Most of all, Rhea Perlman's magnificent Carla Tortelli, the Barmaid from Hell, has a mouth spewing hydrochloric acid as undiluted at the end of the epic as at the beginning.
"Cheers" is a decade-long celebration of the wisdom of the Emperor Marcus Aurelius' insight in that people are as they are, and that they have an inner nature that propels them and is inherently unchangeable.

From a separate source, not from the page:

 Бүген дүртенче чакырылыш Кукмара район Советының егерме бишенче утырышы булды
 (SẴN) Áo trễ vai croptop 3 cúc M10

And "Cheers" has, in Ted Danson, one of the greatest leading men in television dramatic and comedic history. Danson's performance as Sam "Mayday" Malone, the ex-Red Sox baseball jock and sex-obsessed smooth sleaze, from first to last, never drops a self-indulgent or false note in all those years. His technique, in an exceptionally daring departure from the narcissistic self-obsessive style of comedic stars before him, is a marvel of generosity and restraint. It is no wonder that his two most successful successors, Grammer as "Frasier" and Jerry Seinfeld as, well, himself, adopted the same restrained technique of encouraging their supporting cast to flourish as stars in their own right, generating an ensemble richness and longevity to their entire mini-worlds. And his long, ghastly, endlessly tormented mutually consummated passion for and with Shelley Long's Diane Chambers, the Batty Barmaid with a Brain, is one of the greatest romances in the history of comedy, or drama too, for that matter. Even Aristophanes and Shakespeare never came up with anything to equal it. It is the hell Romeo and Juliet would have inflicted on each other if they had both lived.
So if life gets you down in the post-holiday season gloom, avail yourself of the abundant miracles of cable. Spend an hour or two every night in that old Boston bar (established, as we are helpfully reminded at the start of every episode, in 1895) where they're always glad you came. And you'll be glad too.